Drop all images and give the records again exactly.
[Records shown — start]
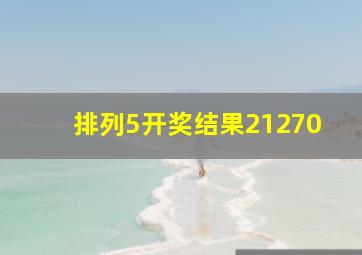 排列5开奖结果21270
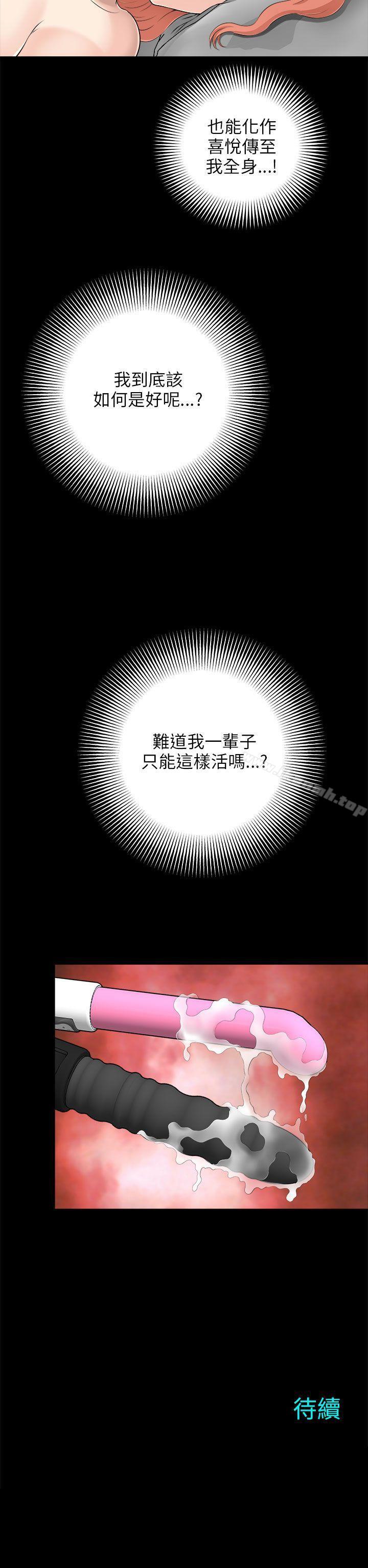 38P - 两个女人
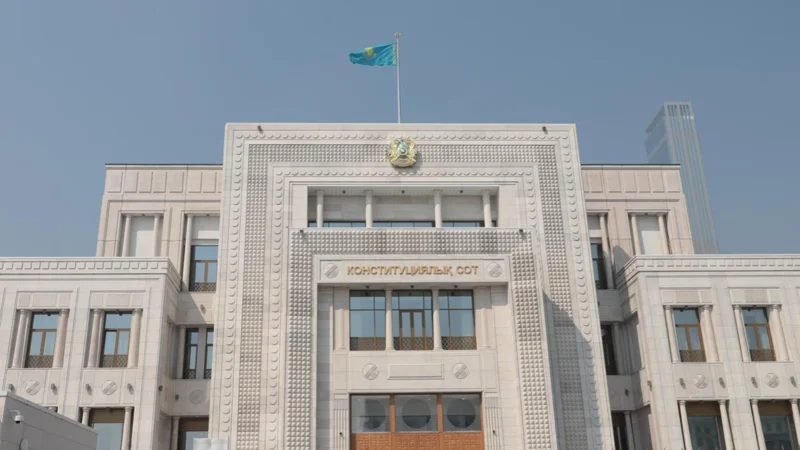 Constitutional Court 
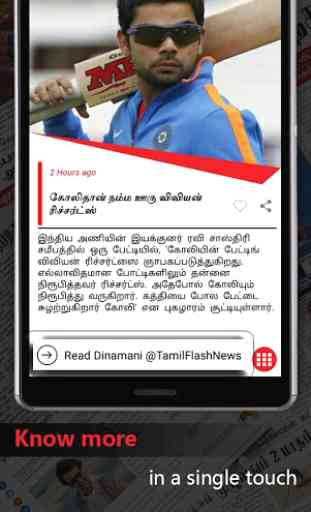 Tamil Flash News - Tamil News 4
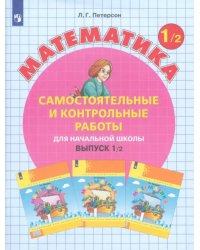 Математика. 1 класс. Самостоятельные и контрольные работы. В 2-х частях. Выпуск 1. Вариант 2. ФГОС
[Records shown — finish]
## Solution for this problem
 排列5开奖结果21270
 38P - 两个女人
 Constitutional Court 
 Tamil Flash News - Tamil News 4
 Математика. 1 класс. Самостоятельные и контрольные работы. В 2-х частях. Выпуск 1. Вариант 2. ФГОС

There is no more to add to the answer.